Just shy of 600,000 containers deposited in Albury under Return and Earn scheme

RETURNED: Howlong's Peter Keen is one of many residents in the region to use the collection point at the Norris Park IGA, which has seen just shy of 200,000 containers deposited. Picture: MARK JESSER
RETURNED: Howlong's Peter Keen is one of many residents in the region to use the collection point at the Norris Park IGA, which has seen just shy of 200,000 containers deposited. Picture: MARK JESSER

ALBURY residents have adopted a can-do attitude to the NSW Government's container deposit scheme since it was launched in December.

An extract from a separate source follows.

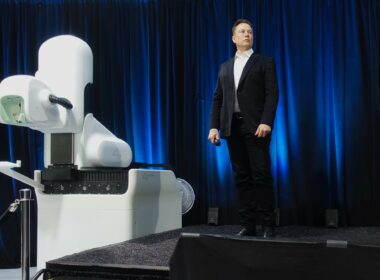 Elon Musk w towarzystwie jednego z urządzeń Neuralink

The two deposit sites, at IGA supermarkets in Springdale Heights and Norris Park, are so popular that they have become the 12th most used in the state. 

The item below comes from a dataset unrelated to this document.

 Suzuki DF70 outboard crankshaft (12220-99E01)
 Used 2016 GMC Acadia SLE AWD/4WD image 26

That revelation is hardly a surprise to Norris Park IGA proprietor Gary Evans, who said the reverse vending machine at his store had been wildly successful.

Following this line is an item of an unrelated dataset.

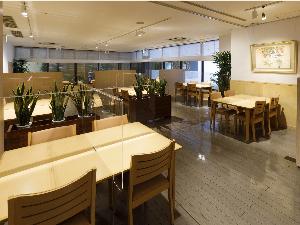 食事会場は全席「卓上飛沫防止アクリルパテーション」設置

Since the scheme was launched a total of 582,586 containers have been deposited in Albury.

“It's been fantastic, the customers have been really great, and the place has been kept clean,” Mr Evans said.

“Cleanaway have been great, the cans are collected from the machine twice a day and they’ve also provided a skip, which is collected daily as well.

“There's really been no issues for us in terms of outgoing costs, we just make sure we give it power.” 

More than 33,000 containers were deposited in Albury on New Year's Day alone.

Mr Evans said people he had spoken to people using the machine who had gone to great lengths to collect cans and containers.

“You hear some great stories, people who have pulled over on the side of the road and picked up something like 200 cans, just so they can bring them in,” he said.

“If people are going to do that, it might start adding up in terms of the environment.” 

Despite warnings of fines for Victorian residents taking advantage of the scheme, Mr Evans said he had seen plenty of people crossing the Border to deposit containers.

With the popularity of the scheme continuing to grow, he said it would be difficult to police who used the machines.

By and large though, Mr Evans said he was optimistic about the future of the scheme.

“Bob (Matthews), really led the way, we’ve learned from his experience and made sure we’ve had a pretty good overall experience,” he said.

“We’d love for a few more people to come in and spend money in the store, and we do get plenty who bring in 10 cans or so and take a dollar off their newspaper.

“Some people are making two to three hundred dollars a day from it, which is pretty incredible.”